# [Task]
Could you reproduce all the entries under this sentence exactly, leaving the images aside?

# [Entries shown]
——
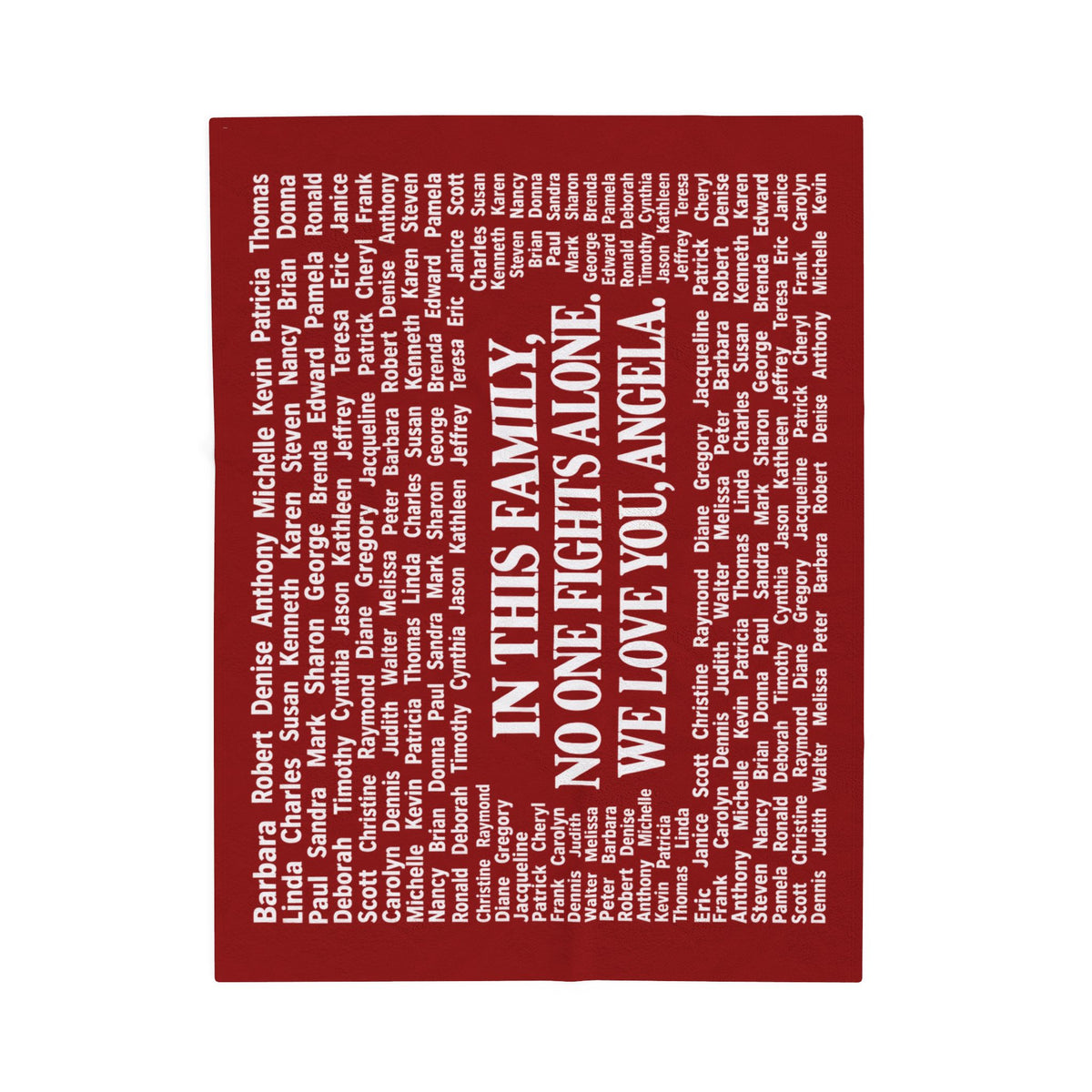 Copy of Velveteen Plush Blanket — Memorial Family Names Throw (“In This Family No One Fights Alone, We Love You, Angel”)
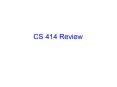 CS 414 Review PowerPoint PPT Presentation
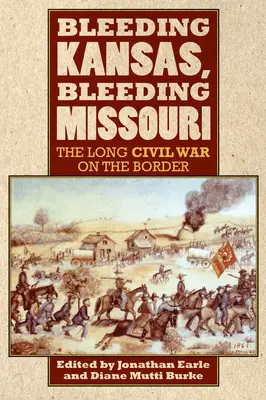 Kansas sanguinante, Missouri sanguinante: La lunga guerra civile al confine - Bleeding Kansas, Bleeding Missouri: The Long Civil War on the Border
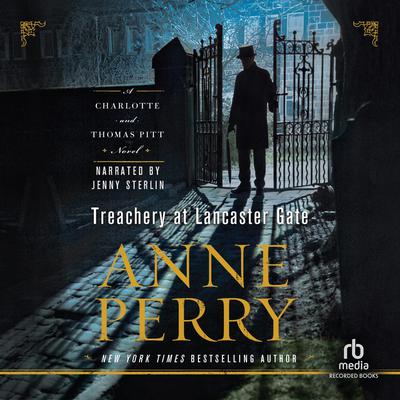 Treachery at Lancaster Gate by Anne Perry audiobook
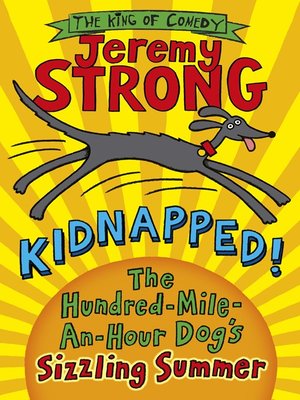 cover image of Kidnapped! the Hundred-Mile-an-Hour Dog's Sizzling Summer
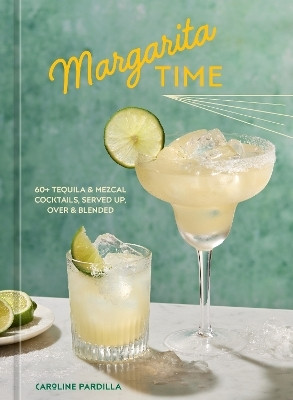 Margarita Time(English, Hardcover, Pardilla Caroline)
——
# [Answer box]
 Copy of Velveteen Plush Blanket — Memorial Family Names Throw (“In This Family No One Fights Alone, We Love You, Angel”)
 CS 414 Review PowerPoint PPT Presentation
 Kansas sanguinante, Missouri sanguinante: La lunga guerra civile al confine - Bleeding Kansas, Bleeding Missouri: The Long Civil War on the Border
 Treachery at Lancaster Gate by Anne Perry audiobook
 cover image of Kidnapped! the Hundred-Mile-an-Hour Dog's Sizzling Summer
 Margarita Time(English, Hardcover, Pardilla Caroline)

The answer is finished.